Struct regex_automata::hybrid::dfa::Cache
source · pub struct Cache {
trans: Vec<LazyStateID>,
starts: Vec<LazyStateID>,
states: Vec<State>,
states_to_id: HashMap<State, LazyStateID>,
sparses: SparseSets,
stack: Vec<StateID>,
scratch_state_builder: StateBuilderEmpty,
state_saver: StateSaver,
memory_usage_state: usize,
clear_count: usize,
bytes_searched: usize,
progress: Option<SearchProgress>,
}
Expand description
A cache represents a partially computed DFA.
A cache is the key component that differentiates a classical DFA and a
hybrid NFA/DFA (also called a “lazy DFA”). Where a classical DFA builds a
complete transition table that can handle all possible inputs, a hybrid
NFA/DFA starts with an empty transition table and builds only the parts
required during search. The parts that are built are stored in a cache. For
this reason, a cache is a required parameter for nearly every operation on
a DFA
.
Caches can be created from their corresponding DFA via
DFA::create_cache
. A cache can only be used with either the DFA that
created it, or the DFA that was most recently used to reset it with
Cache::reset
. Using a cache with any other DFA may result in panics
or incorrect results.
Fields§
§trans: Vec<LazyStateID>
The transition table.
Given a current
LazyStateID and an input
byte, the next state can
be computed via trans[untagged(current) + equiv_class(input)]
. Notice
that no multiplication is used. That’s because state identifiers are
“premultiplied.”
Note that the next state may be the “unknown” state. In this case, the
next state is not known and determinization for current
on input
must be performed.
starts: Vec<LazyStateID>
The starting states for this DFA.
These are computed lazily. Initially, these are all set to “unknown” lazy state IDs.
When ‘starts_for_each_pattern’ is disabled (the default), then the size of this is constrained to the possible starting configurations based on the search parameters. (At time of writing, that’s 4.) However, when starting states for each pattern is enabled, then there are N additional groups of starting states, where each group reflects the different possible configurations and N is the number of patterns.
states: Vec<State>
A sequence of NFA/DFA powerset states that have been computed for this lazy DFA. This sequence is indexable by untagged LazyStateIDs. (Every tagged LazyStateID can be used to index this sequence by converting it to its untagged form.)

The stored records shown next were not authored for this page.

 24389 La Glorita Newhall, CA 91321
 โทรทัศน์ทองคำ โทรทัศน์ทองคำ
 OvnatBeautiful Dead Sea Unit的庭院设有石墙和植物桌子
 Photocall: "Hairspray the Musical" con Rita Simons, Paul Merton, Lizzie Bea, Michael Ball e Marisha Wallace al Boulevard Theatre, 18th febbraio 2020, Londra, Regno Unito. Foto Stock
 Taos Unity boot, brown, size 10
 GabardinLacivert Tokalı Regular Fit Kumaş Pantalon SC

states_to_id: HashMap<State, LazyStateID>
A map from states to their corresponding IDs. This map may be accessed
via the raw byte representation of a state, which means that a State
does not need to be allocated to determine whether it already exists
in this map. Indeed, the existence of such a state is what determines
whether we allocate a new State
or not.
The higher level idea here is that we do just enough determinization for a state to check whether we’ve already computed it. If we have, then we can save a little (albeit not much) work. The real savings is in memory usage. If we never checked for trivially duplicate states, then our memory usage would explode to unreasonable levels.
sparses: SparseSets
Sparse sets used to track which NFA states have been visited during various traversals.
stack: Vec<StateID>
Scratch space for traversing the NFA graph. (We use space on the heap instead of the call stack.)

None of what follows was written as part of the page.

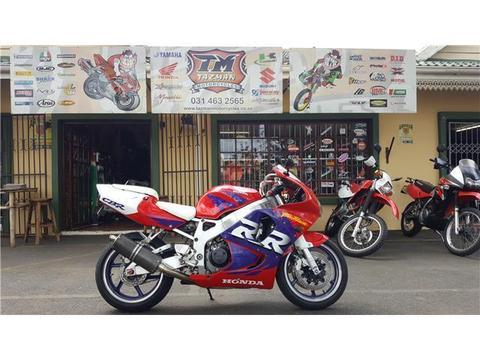 HONDA CBR 900 RR @ TAZMAN MOTORCYCLES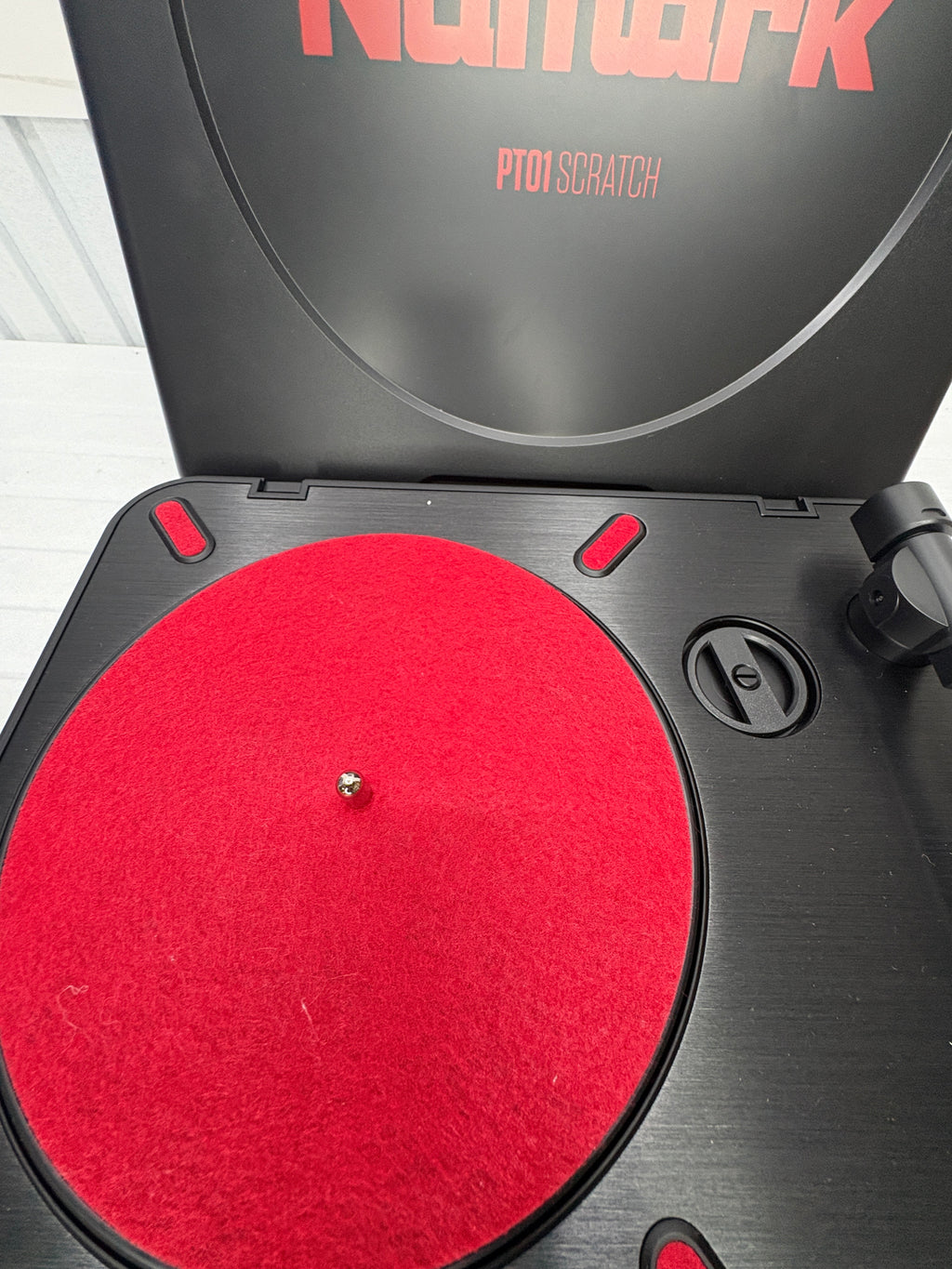 Numark PT01 Scratch – Portabler DJ Plattenspieler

scratch_state_builder: StateBuilderEmpty
Scratch space for building a NFA/DFA powerset state. This is used to
help amortize allocation since not every powerset state generated is
added to the cache. In particular, if it already exists in the cache,
then there is no need to allocate a new State
for it.
state_saver: StateSaver
A simple abstraction for handling the saving of at most a single state across a cache clearing. This is required for correctness. Namely, if adding a new state after clearing the cache fails, then the caller must retain the ability to continue using the state ID given. The state corresponding to the state ID is what we preserve across cache clearings.
memory_usage_state: usize
The memory usage, in bytes, used by ‘states’ and ‘states_to_id’. We track this as new states are added since states use a variable amount of heap. Tracking this as we add states makes it possible to compute the total amount of memory used by the determinizer in constant time.
clear_count: usize
The number of times the cache has been cleared. When a minimum cache clear count is set, then the cache will return an error instead of clearing the cache if the count has been exceeded.
bytes_searched: usize
The total number of bytes searched since the last time this cache was cleared, not including the current search.

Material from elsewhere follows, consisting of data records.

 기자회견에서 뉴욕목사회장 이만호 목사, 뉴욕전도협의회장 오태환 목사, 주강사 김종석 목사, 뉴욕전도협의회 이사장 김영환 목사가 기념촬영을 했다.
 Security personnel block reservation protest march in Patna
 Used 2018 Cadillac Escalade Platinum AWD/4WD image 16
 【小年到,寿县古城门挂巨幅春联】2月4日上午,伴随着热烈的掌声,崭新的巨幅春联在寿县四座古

This can be added to the length of the current search to get the true total number of bytes searched.
This is generally only non-zero when the
Cache::search_{start,update,finish}
APIs are used to track search
progress.
progress: Option<SearchProgress>
The progress of the current search.
This is only non-None
when callers utlize the Cache::search_start
,
Cache::search_update
and Cache::search_finish
APIs.
The purpose of recording search progress is to be able to make a determination about the efficiency of the cache. Namely, by keeping track of the
Implementations§
source§impl Cache
impl Cache
sourcepub fn new(dfa: &DFA) -> Cache
pub fn new(dfa: &DFA) -> Cache
Create a new cache for the given lazy DFA.
The cache returned should only be used for searches for the given DFA.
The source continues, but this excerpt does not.